The Violoncello of the Bononcini Brothers
Autore | Marc Vanscheeuwijck |
Curatela | Marc Vanscheeuwijck |
Collana | Studi e Saggi |
N. | 31 |
Dimensioni | 17×24, pp. XIX+372 |
Anno | 2020 |
ISBN | 9788855430272 |
What was the violoncello of Giovanni and Antonio Maria Bononcini, and how did they play it? Though these may seem to be absurd questions, they are not. Recent studies have shown that at the end of the seventeenth and the beginning of the eighteenth centuries the “violoncello” was not a univocal term, and the “violone” was also part of the family of bass violins. Moreover, in the iconography of the time we see various ways of holding both the instrument and the bow.
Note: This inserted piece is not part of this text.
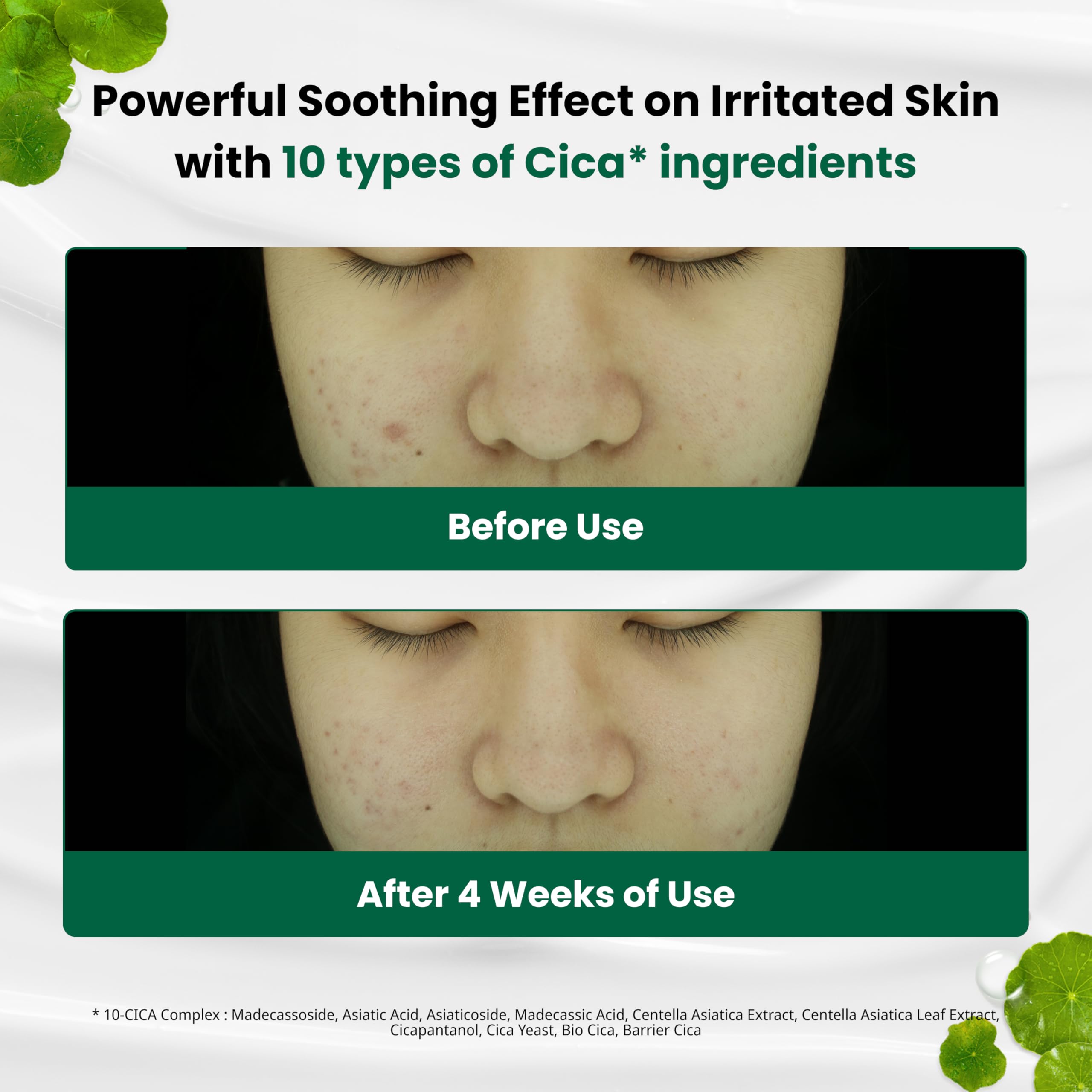 Dr.G R.E.D BLEMISH Clear Soothing Cream (50mL)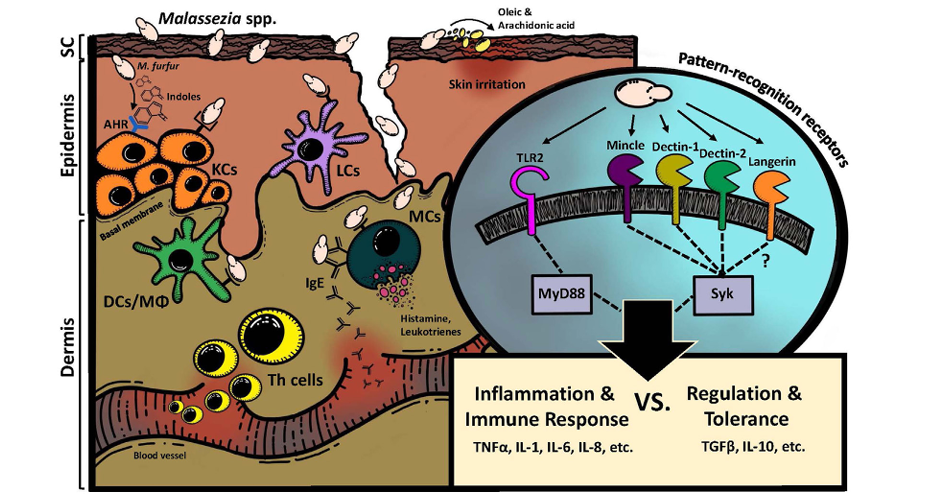 image 108 Host response to Malassezia spp.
In the Bolognese tradition as elsewhere, there was a great variety of instruments and of ways of playing them in the Bononcini brothers’ day.
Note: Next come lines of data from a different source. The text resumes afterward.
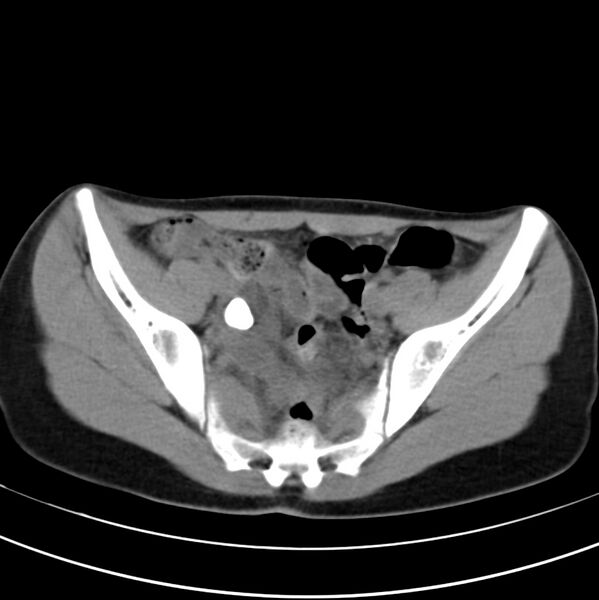 File:Appendicitis and incidental bicornuate uterus (Radiopaedia 22833-22853 Axial non-contrast 37).jpg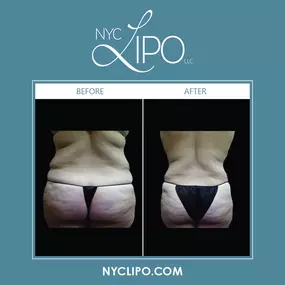 We offer traditional liposuction options at NYC Lipo LLC to remove excess fat for firmer-looking contours. Power assisted liposuction, tumescent lipo, & super wet liposuction can break apart stubborn fat deposits & gently suction fat cells from the body. Patients can treat fat pockets with precision, thanks to these liposuction techniques.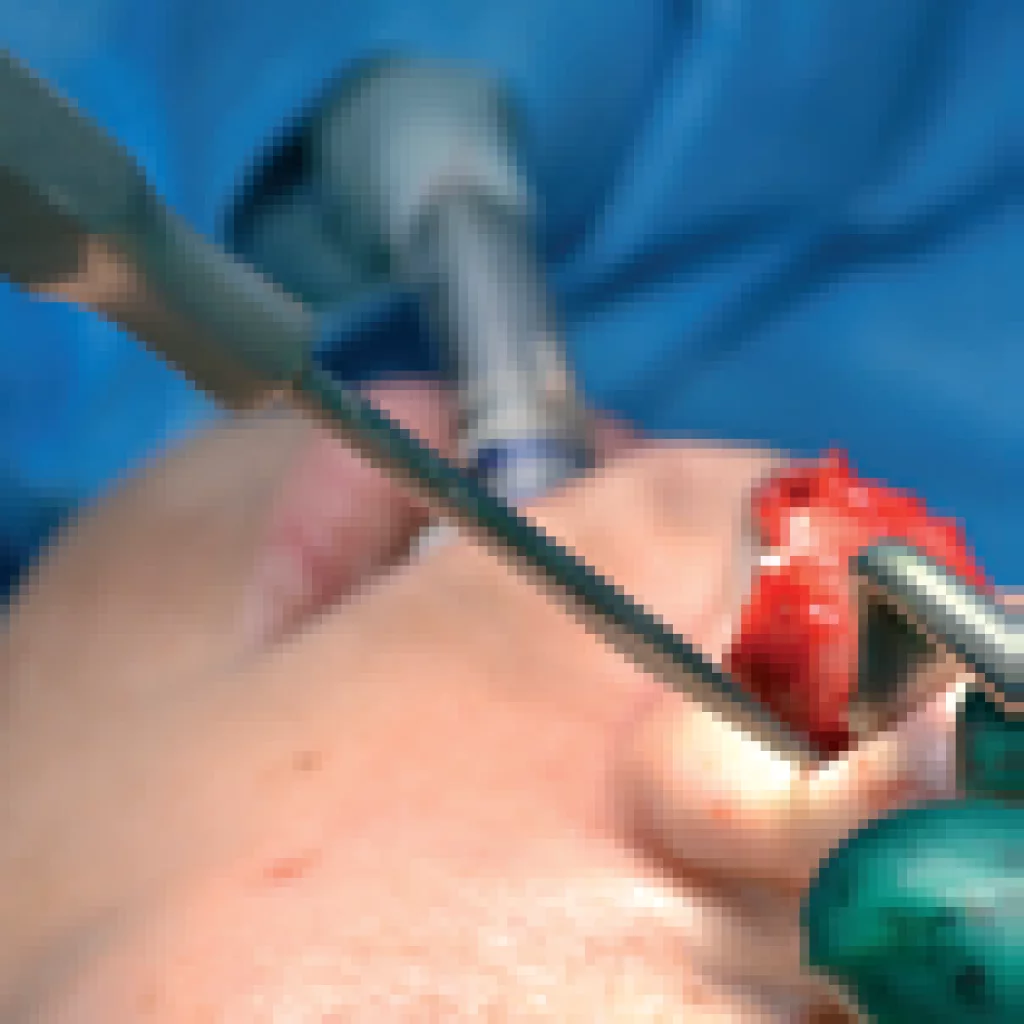 Daniel spina nasalis syl 16cm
This essay aims to discover, based on archival documents, iconography, treatises, and the music itself, what kind (or kinds) of violoncello the Bononcinis, as soloists famous throughout Europe, could have used. In the case of Giovanni, we have only three sonatas for violoncello with basso continuo, and a few arias with obbligato violoncello; in the case of Antonio Maria, by contrast, about fifteen sonatas survive which feature a very particular compositional style, one which could give us indications on how some Bolognese virtuosos realized the basso continuo on the cello.